• **Records provided**

###

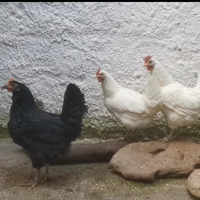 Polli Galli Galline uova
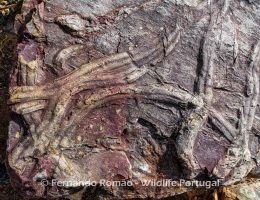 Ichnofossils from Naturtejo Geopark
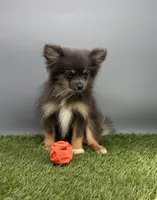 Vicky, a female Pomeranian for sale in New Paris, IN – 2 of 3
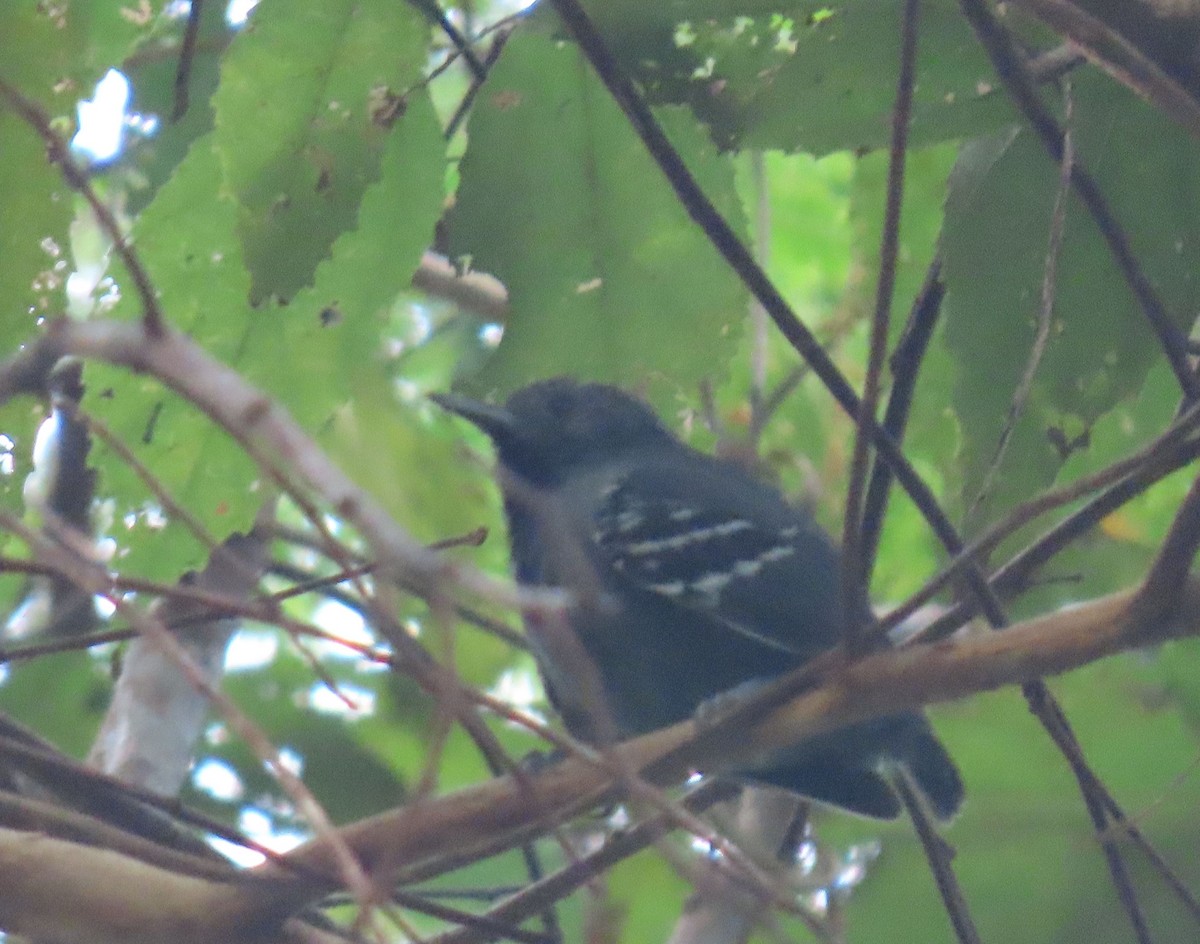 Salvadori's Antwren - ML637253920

###

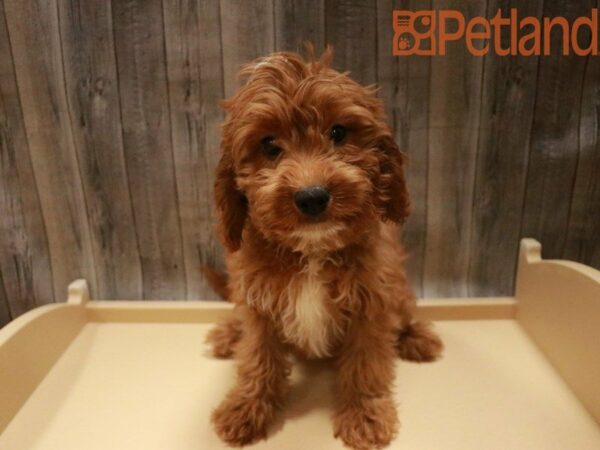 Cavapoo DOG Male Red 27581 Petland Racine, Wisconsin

###

• **Assignment**
Please repeat the lines of the material above exactly, starting with the line that contains "Vicky, a female" and ending with the line that contains "Salvadori's Antwren - ML637253920". Leave the pictures out.

• **Exercise answer**
 Vicky, a female Pomeranian for sale in New Paris, IN – 2 of 3
 Salvadori's Antwren - ML637253920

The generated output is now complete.